In a brief post published on NVIDIA’s website today, the company announced that it will no longer produce the GeForce RTX 4080 12GB graphics card. The RTX 4080 12GB, the lowest-end of the initially announced RTX 40 series cards, drew significant criticism for splitting the 4080 tier between two cards that did not even share a common GPU. NVIDIA has yielded to the pressure of these complaints by removing the card from their RTX 40 series lineup and canceling its November launch.
The brief message from NVIDIA reads as follows:
The RTX 4080 12GB is an excellent graphics card, but its name is incorrect. Two GPUs with the designation 4080 are confusing. Therefore, we press the “cancel launch” button on the 4080 12GB. The RTX 4080 16GB is a phenomenal graphics card expected to excite gamers worldwide on November 16. If the long lines and enthusiasm for the 4090 are any indication, the 4080’s reception will be phenomenal.

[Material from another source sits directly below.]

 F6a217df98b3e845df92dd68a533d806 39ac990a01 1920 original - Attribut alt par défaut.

NVIDIA provides no additional information regarding their plans for the AD104-based video card at this time. Nevertheless, given the circumstances, it is reasonable to assume that NVIDIA will launch it at a later date with a different part number.

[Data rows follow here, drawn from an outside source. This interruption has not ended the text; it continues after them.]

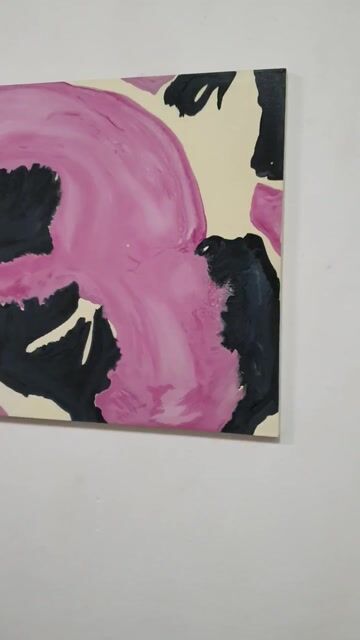 Video de Diderot.Art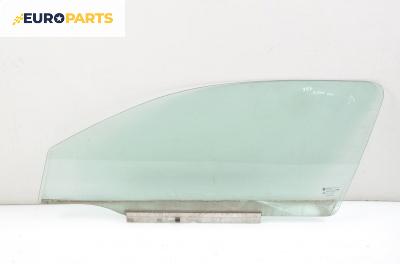 Странично стъкло за Opel Astra G Hatchback (02.1998 - 12.2009), 2+1 вр., хечбек, позиция: лява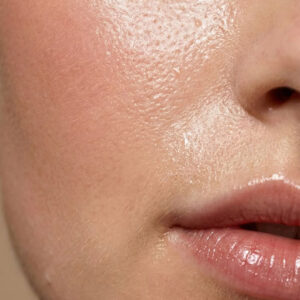 Alternative view of HYDRAFACIAL ESSENTIAL 2
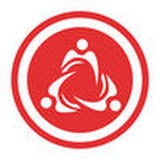 微享商盟安卓版下载(微享商盟app下载)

NVIDIA GeForce Specification Comparison | |||||
RTX 4090 | RTX 4080 16GB | RTX 4080 12GB (Cancelled) |
|||
CUDA Cores | 16384 | 9728 | 7680 | ||
ROPs | 176 | 112 | 80 | ||
Boost Clock | 2520MHz | 2505MHz | 2610MHz | ||
Memory Clock | 21Gbps GDDR6X | 22.4Gbps GDDR6X | 21Gbps GDDR6X | ||
Memory Bus Width | 384-bit | 256-bit | 192-bit | ||
VRAM | 24GB | 16GB | 12GB | ||
Single Precision Perf. | 82.6 TFLOPS | 48.7 TFLOPS | 40.1 TFLOPS | ||
Tensor Perf. (FP16) | 330 TFLOPS | 195 TFLOPS | 160 TFLOPS | ||
Tensor Perf. (FP8) | 660 TFLOPS | 390 TFLOPS | 321 TFLOPS | ||
TDP | 450W | 320W | 285W | ||
L2 Cache | 72MB | 64MB | 48MB | ||
GPU | AD102 | AD103 | AD104 | ||
Transistor Count | 76.3B | 45.9B | 35.8B | ||
Architecture | Ada Lovelace | Ada Lovelace | Ada Lovelace | ||
Manufacturing Process | TSMC 4N | TSMC 4N | TSMC 4N | ||
Launch Date | 10/12/2022 | 11/16/2022 | Never | ||
Launch Price | MSRP: $1599 | MSRP: $1199 | Was: $899 |
Examining the cards’ specifications makes it clear why NVIDIA’s core base of enthusiast gamers was not pleased. While both RTX 4080 components shared the same architecture, they did not share a GPU. Alternatively, ordinary performance.
As it stood, the RTX 4080 12GB would have utilized the smaller AD104 GPU instead of the AD103 GPU used in the 16GB model. In practice, the 12GB model would have delivered only 82% of the shader/tensor throughput and 70% of the memory bandwidth of the 16GB model. A significant performance gap that NVIDIA’s figures before the product’s release have confirmed.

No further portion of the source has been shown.